Exercise aim.
Your copy should match the entries exactly, with no images carried over.

Information.
=== Begin Enclosure ===

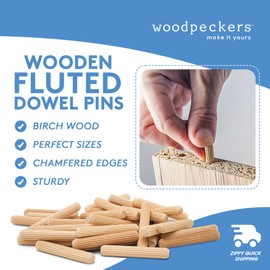 Woodpeckers Wooden Dowel Pins 5/8"x3", Fluted Pins for Woodworking and Crafts | Woodpeckers - Pack of 50, Natural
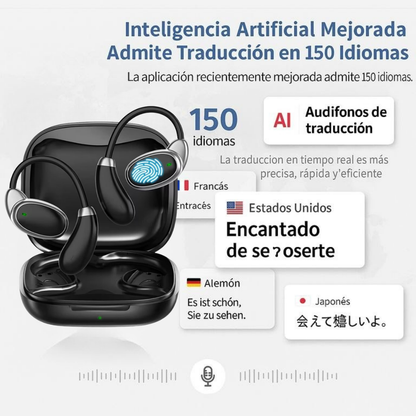 Audífonos INALAMBRICOS IA TRADUCCIÓN Habla 150 idiomas en segundos — sin Wi-Fi, sin aplicaciones complicadas, sin estrés.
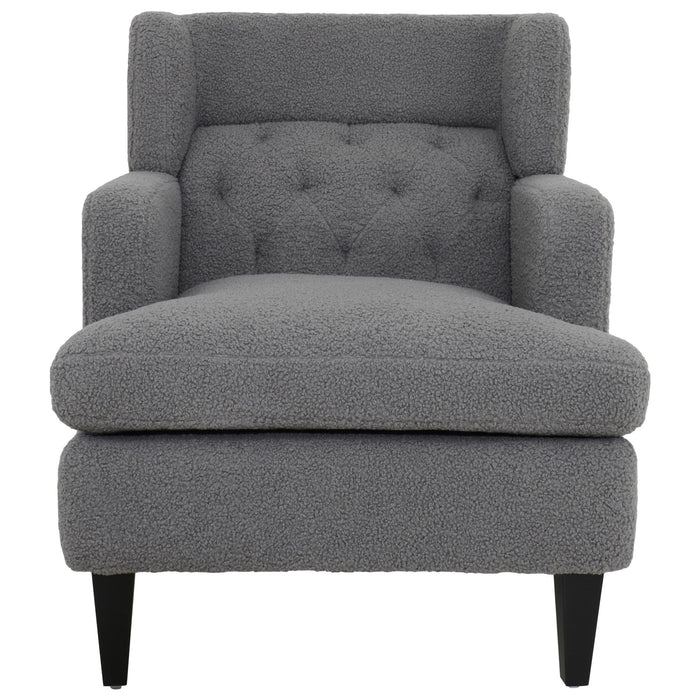 Giga upholstered accent armchair with tufted backrest, ideal for living room or bedroom decor.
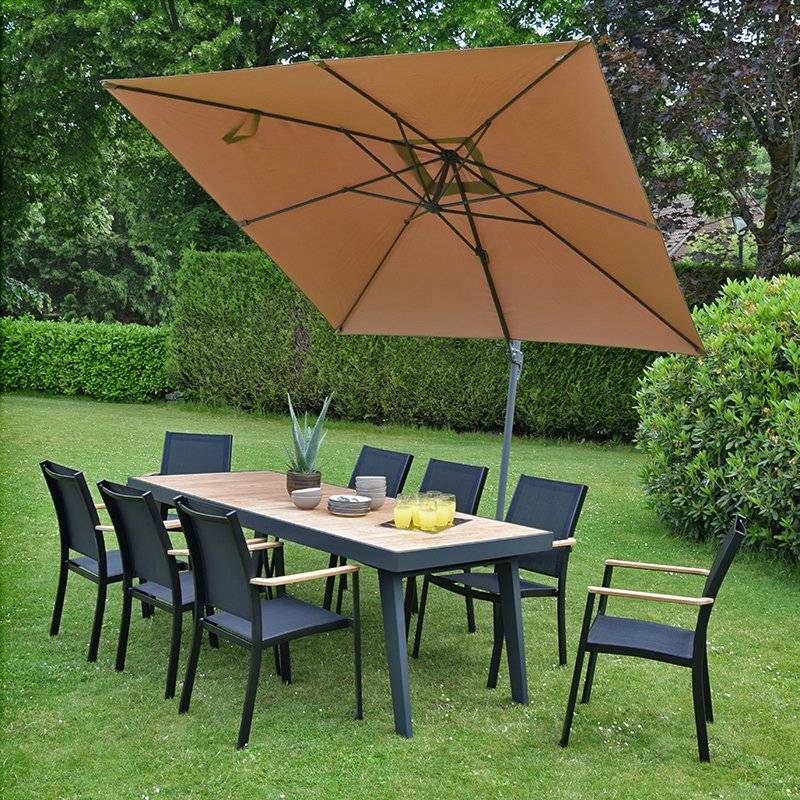 Parasol déporté taupe 3x3 m Celestia - Gecko Jardin - Image 8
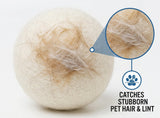 XL Wool Dryer Balls (6-Pack) - 100% Organic New Zealand Wool Laundry Balls for Dryer - Natural Fabric Softener & Reusable Anti Static Solution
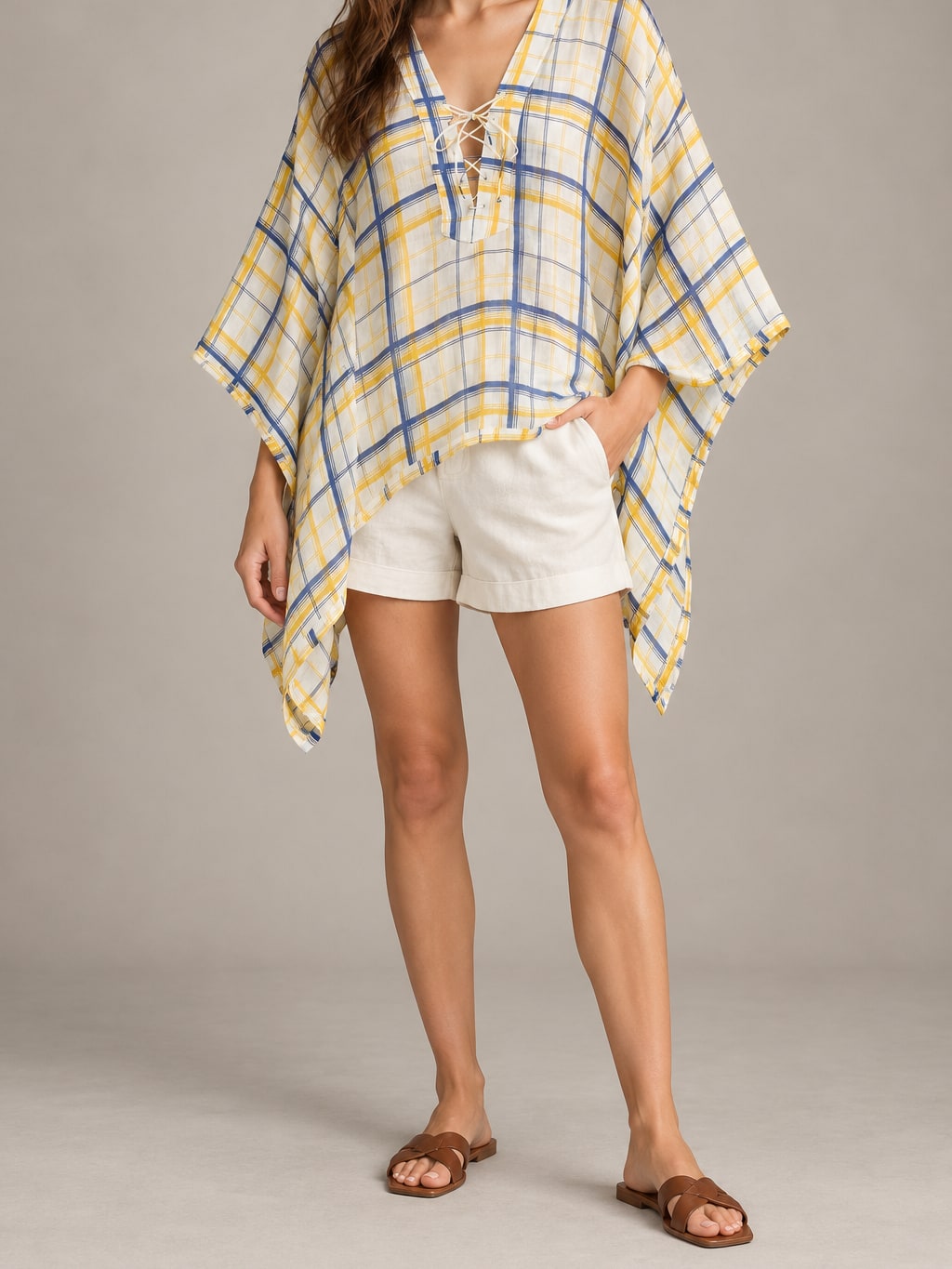 Plaid Lace-Up Poncho Shirt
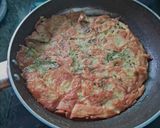 A picture of step 2 of Spinach chilla.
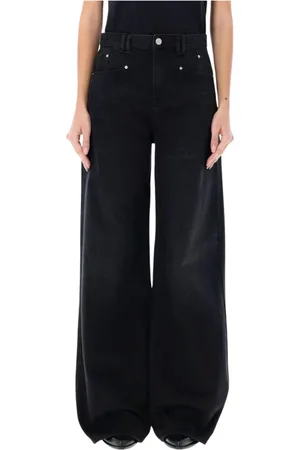 Isabel Marant Jeans, Dames, Zwart, S, Katoen, Zwarte Wide Leg Jeans Vrouwen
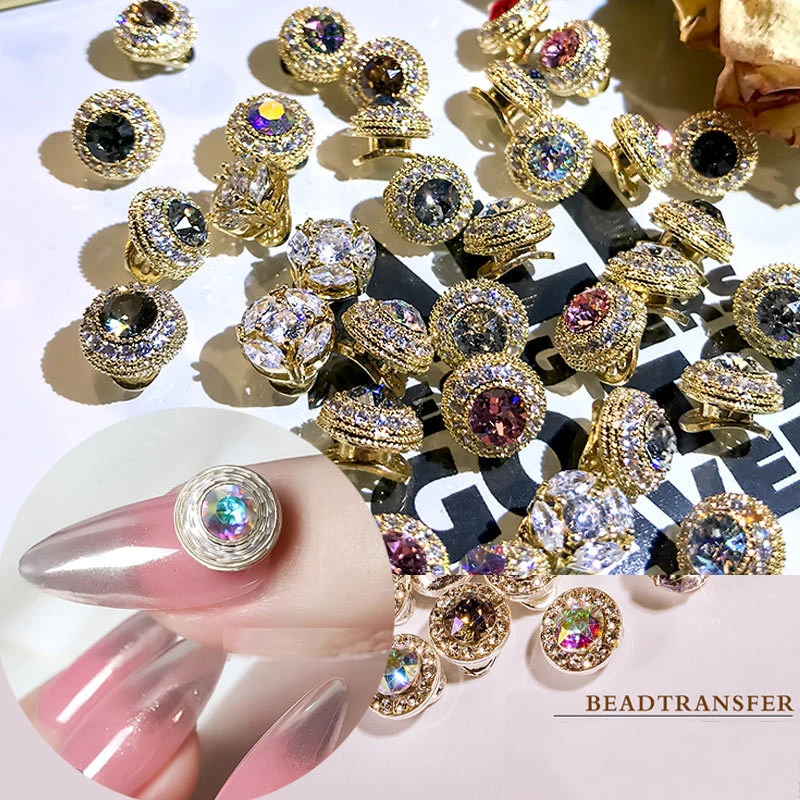 

Luxury Zircon Round Shape Spinner Drill 3D Nail Art Finger Rotatable Nail decorated Beauty Nail Sticker Fashion Accessories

=== End Enclosure ===

Written solution.
 Woodpeckers Wooden Dowel Pins 5/8"x3", Fluted Pins for Woodworking and Crafts | Woodpeckers - Pack of 50, Natural
 Audífonos INALAMBRICOS IA TRADUCCIÓN Habla 150 idiomas en segundos — sin Wi-Fi, sin aplicaciones complicadas, sin estrés.
 Giga upholstered accent armchair with tufted backrest, ideal for living room or bedroom decor.
 Parasol déporté taupe 3x3 m Celestia - Gecko Jardin - Image 8
 XL Wool Dryer Balls (6-Pack) - 100% Organic New Zealand Wool Laundry Balls for Dryer - Natural Fabric Softener & Reusable Anti Static Solution
 Plaid Lace-Up Poncho Shirt
 A picture of step 2 of Spinach chilla.
 Isabel Marant Jeans, Dames, Zwart, S, Katoen, Zwarte Wide Leg Jeans Vrouwen

Luxury Zircon Round Shape Spinner Drill 3D Nail Art Finger Rotatable Nail decorated Beauty Nail Sticker Fashion Accessories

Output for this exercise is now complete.